(INFORMATION SHOWN)
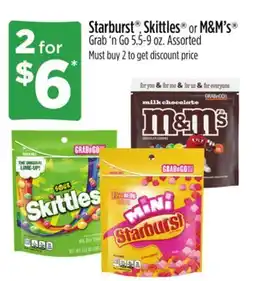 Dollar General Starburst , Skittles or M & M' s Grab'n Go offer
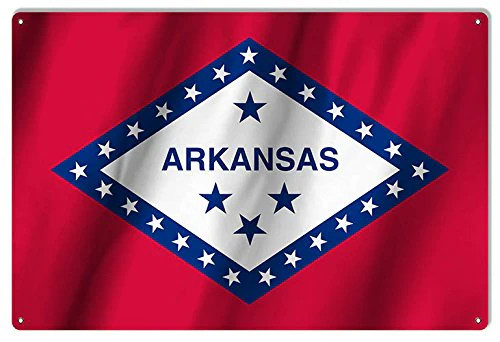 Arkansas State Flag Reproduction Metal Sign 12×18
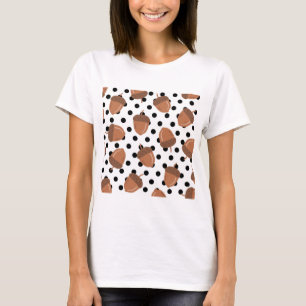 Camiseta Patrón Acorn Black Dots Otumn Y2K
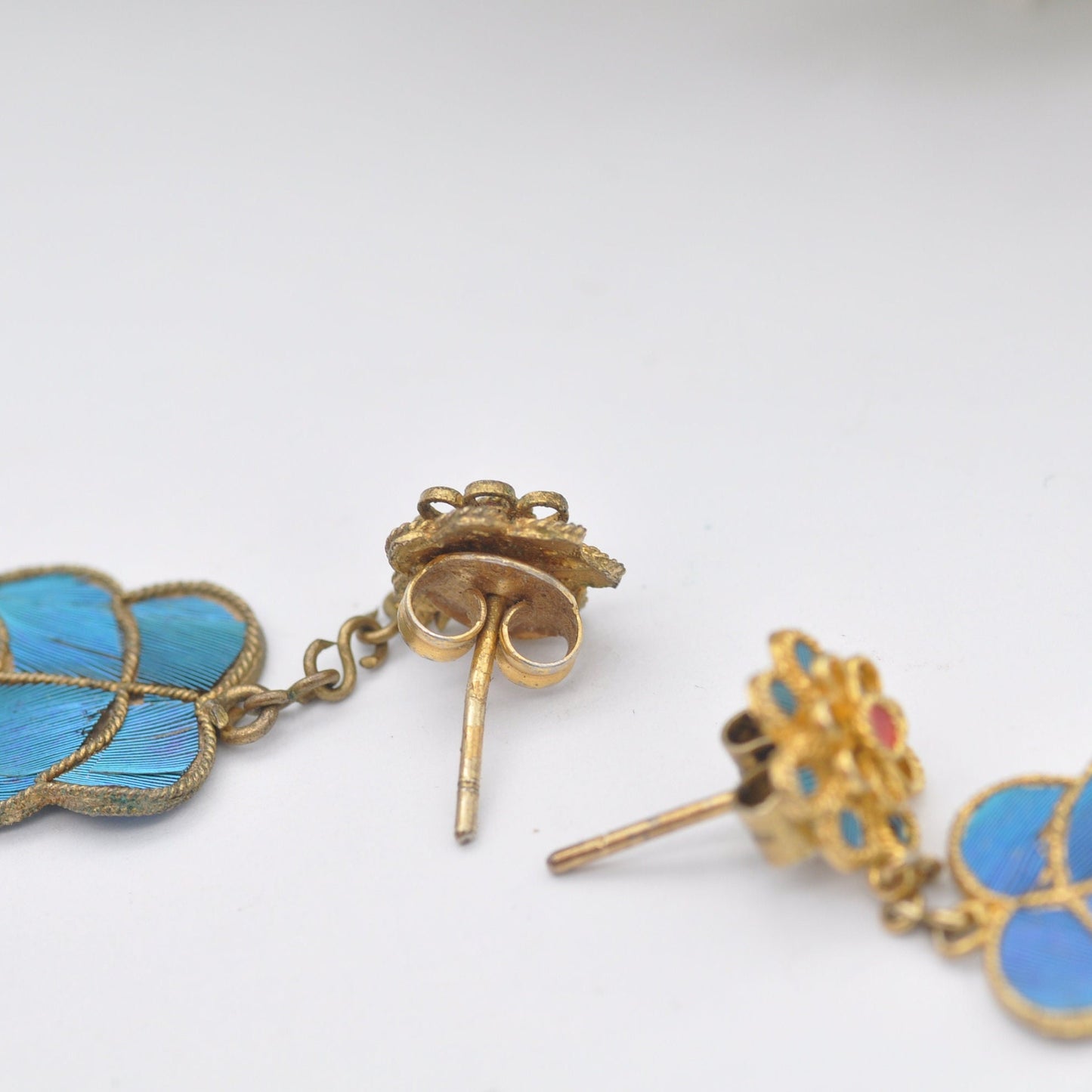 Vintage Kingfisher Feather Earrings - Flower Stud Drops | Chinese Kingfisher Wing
(End INFORMATION SHOWN)
PROMPT:
Your task is to retype, exactly and only, the lines from the line holding "Camiseta Patrón Acorn Black Dots Otumn Y2K" through the final line of the data above, with both ends kept. Drop the pictures.

ANSWER SPACE:
 Camiseta Patrón Acorn Black Dots Otumn Y2K
 Vintage Kingfisher Feather Earrings - Flower Stud Drops | Chinese Kingfisher Wing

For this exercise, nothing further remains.